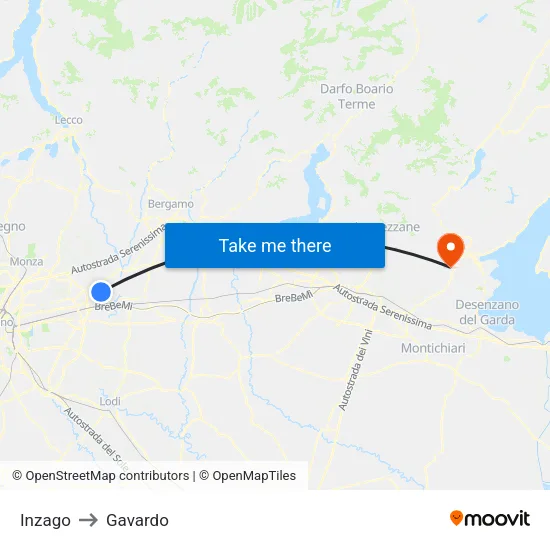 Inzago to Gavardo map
■ ■ ■ ■ ■
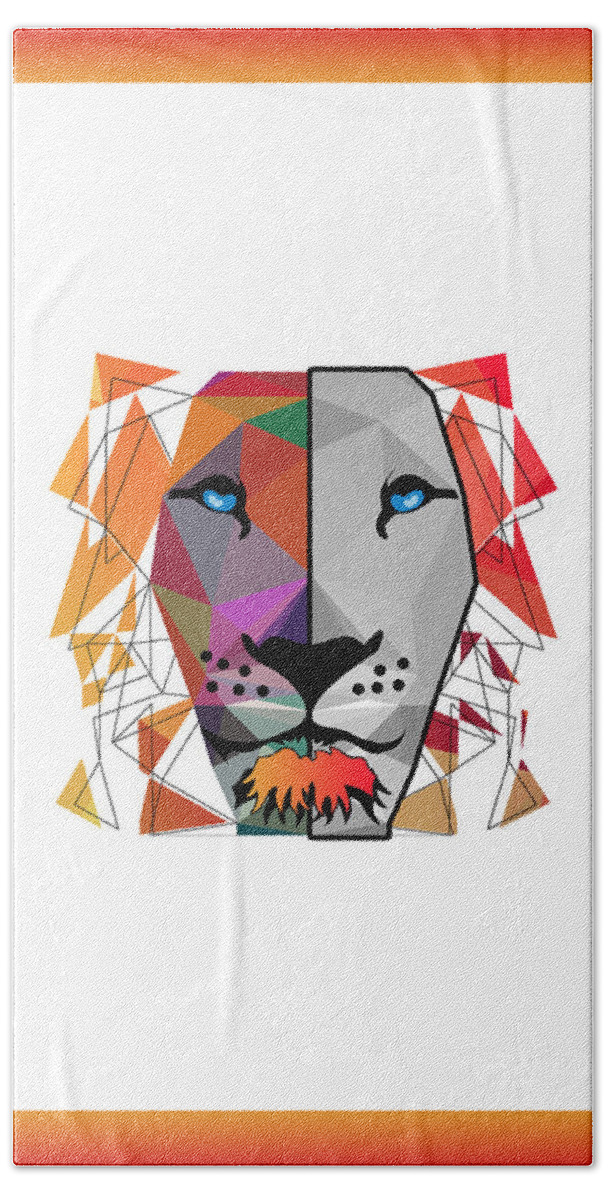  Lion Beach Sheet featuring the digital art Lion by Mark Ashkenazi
■ ■ ■ ■ ■
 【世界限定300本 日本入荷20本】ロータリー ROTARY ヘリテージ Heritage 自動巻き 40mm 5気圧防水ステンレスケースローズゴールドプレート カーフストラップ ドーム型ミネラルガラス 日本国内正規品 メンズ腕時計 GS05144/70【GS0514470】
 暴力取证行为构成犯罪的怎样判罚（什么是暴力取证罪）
■ ■ ■ ■ ■
**Assignment**
Using the records above, restate word for word the lines from the one with "日本国内正規品 メンズ腕時計 GS05144/70【GS0514470】" through the one with "暴力取证行为构成犯罪的怎样判罚（什么是暴力取证罪）", both included.

**Your solution**
 【世界限定300本 日本入荷20本】ロータリー ROTARY ヘリテージ Heritage 自動巻き 40mm 5気圧防水ステンレスケースローズゴールドプレート カーフストラップ ドーム型ミネラルガラス 日本国内正規品 メンズ腕時計 GS05144/70【GS0514470】
 暴力取证行为构成犯罪的怎样判罚（什么是暴力取证罪）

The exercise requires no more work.